Hermann Pfanner Getränke GmbH
Sektkellerei Peter Herres GmbH
|Relevant legal provisions:||
|Keywords:||Petition clearly unallowable[yes]:
- First ground of the petition for review: violation of the right to be heard because of the automatic dismissal of auxiliary requests- objection under Rule 106 EPC raised [no]; exception to this rule [no]- clearly inadmissible[yes]
-Second and third grounds of the petition: violation of the right to be heard, no opportunity to discuss the Article 123(2) EPC objection regarding Auxiliary Request III; no sufficient time given to the petitioner due to the cancellation of the second day of oral proceedings - clearly inadmissible [no]- clearly unallowable [yes]
Summary of Facts and Submissions
I. The petition for review concerns decision T 1022/09 of Board of Appeal 3.2.07 to set aside the decision of the opposition division rejecting the oppositions, and to revoke European patent No. 1 429 968. This decision was announced at the end of oral proceedings on 27 November 2011 and the parties were notified of the decision in writing on 2 December 2011.
II. The petitioner (patent proprietor) filed the petition for review by fax and paid the relevant fee on 10 February 2012.
III. The previous proceedings, to the extent that they are relevant for the purpose of the present petition proceedings, can be summarised as follows.
- Ten oppositions were filed against European patent No. 1 429 968: "Process for packaging wine in aluminium cans". Opponents 02, 03, 06 and 09 filed an appeal against the opposition division's decision.

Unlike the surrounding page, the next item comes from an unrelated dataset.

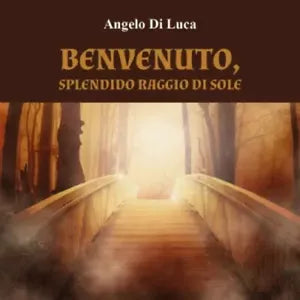 Benvenuto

- Oral proceedings before the Board of Appeal were scheduled for two days. The Board took its decision at the end of the first day of oral proceedings. According to the minutes of the oral proceedings the petitioner's requests then on file were the following:
- The main request: that the appeal be dismissed (maintenance of the patent as granted).
- Auxiliary request II filed with letter dated 27 September 2011;
- Auxiliary request III filed at 19:15 during the oral proceedings (called IIIa in the petition);
- Auxiliary request IV filed at 19:15 during the oral proceedings (called IVa in the petition);
- Auxiliary requests V and VI filed during the oral proceedings;
- Auxiliary request VII filed at 19:15 during the oral proceedings (called VIIa in the petition); and
- Auxiliary request III filed at 9:15 and re-filed at 20:55.
The decision under review
The main request(see above) was refused for lack of inventive step of claim 1 over D29/29a.
Auxiliary request II filed one month before oral proceedings was admitted but refused for lack of inventive step.
Auxiliary request III, filed at the beginning of oral proceedings (9:15), then replaced by an auxiliary request III filed at 19:15 but then filed again at 20:55, after auxiliary request III of 19:15 had been found inadmissible, was not admitted because it was held not clearly allowable for formal reasons (point 8.3 of the reasons). The Board accepted the appellants/opponents' arguments that the amendment incorporating the temperature range alone and taken out of context with the material to which it applied was not clearly allowable under Article 123(2) EPC because the skilled person would understand that the disclosure of the temperature range and the baking time "is unbreakably linked to the specification of the material to be baked".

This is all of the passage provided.